For the first time since 2011, hopes for double-digit growth in U.S. earnings aren't a fantasy. Despite oil's slump to skepticism over President Donald Trump's growth agenda, Wall Street analysts have been standing firm on forecasts that represent almost twice the profit growth seen in 2013, a year when the S&P 500 rose 30 per cent.

S&P 500 operating income will rise 12 per cent to $130.20 (U.S.) a share this year, estimates compiled by Bloomberg show. The target has sunk by only 0.8 per cent from its level in January, the smallest deterioration in five years. For anyone who watched in 2015 and 2016 as growth estimates shrivelled to zero as reporting season drew near, the persistence is welcome news.

While the failure of last week's health bill has fuelled doubts over Mr.
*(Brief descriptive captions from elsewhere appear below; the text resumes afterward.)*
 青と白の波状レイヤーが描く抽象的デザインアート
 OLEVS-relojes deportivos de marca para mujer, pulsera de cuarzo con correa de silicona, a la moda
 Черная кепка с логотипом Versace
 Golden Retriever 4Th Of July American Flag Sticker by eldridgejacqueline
Trump's plans to cut taxes and ease regulations, the fact that earnings growth – upon which near-record share prices are predicated – won't vaporize is perhaps why dip buying such as Monday's has prevented any major sell-offs in the market.
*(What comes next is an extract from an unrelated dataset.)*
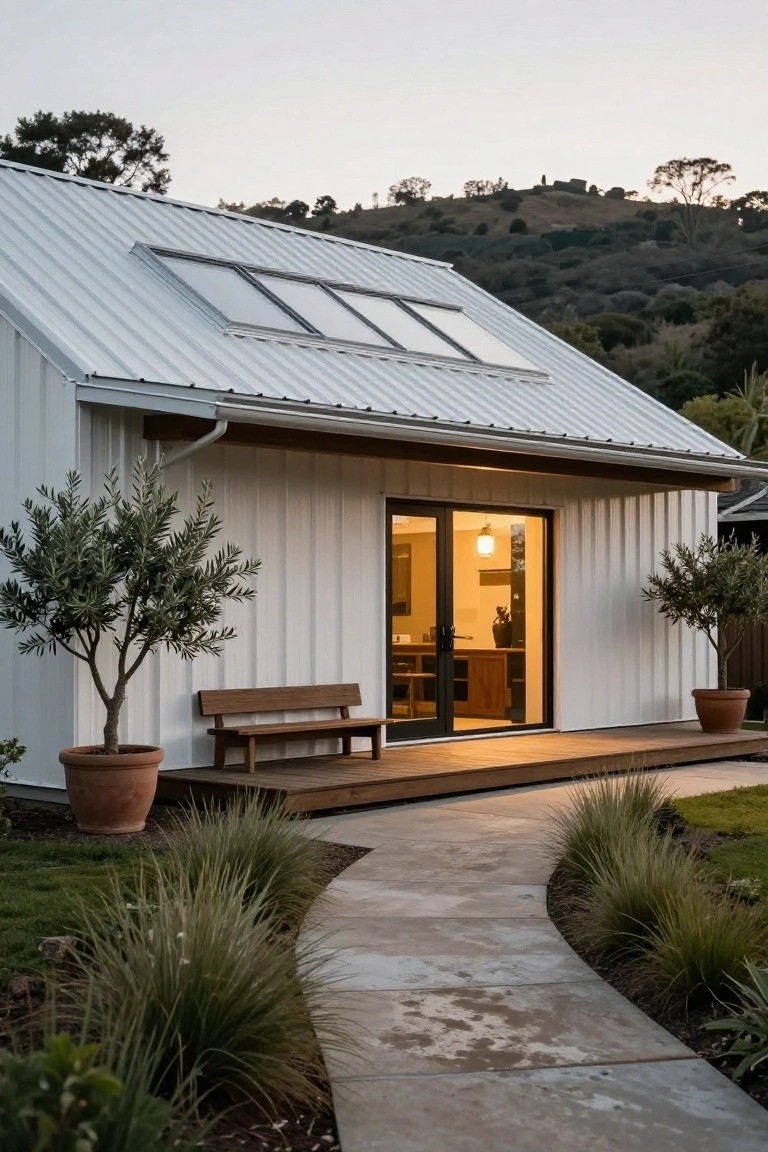 White corrugated metal building home with sloped roof and skylights, large glass doors opening to a wooden deck porch flanked by potted olive trees and a bench, stone pathway curving through grass and ornamental grasses toward the entry, surrounded by hills at dusk.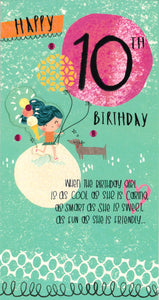 BIRTHDAY CARD 10TH GIRL WITH BALLOONS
Until last week, the S&P 500 had gone more than 100 days without a 1-per-cent loss, the longest stretch since 1995. While stocks fell in eight of the past 11 days, the index is less than 2 per cent from its record high reached on March 1.

As the economy strengthens and earnings accelerate, stocks are likely to become more attractive, according to Jeremy Klein, chief market strategist at FBN Securities Inc. S&P 500 profit will rise 9.8 per cent in the first quarter before picking up to 14 per cent in the final three months of the year, analyst estimates show.

"Any positive inertia will almost assuredly persist regardless of whether Washington can make meaningful progress on future legislation," Mr. Klein said. "Extremely sanguine profit projections have held their ground for upcoming quarters. Stocks will therefore cheapen merely as we roll through the calendar."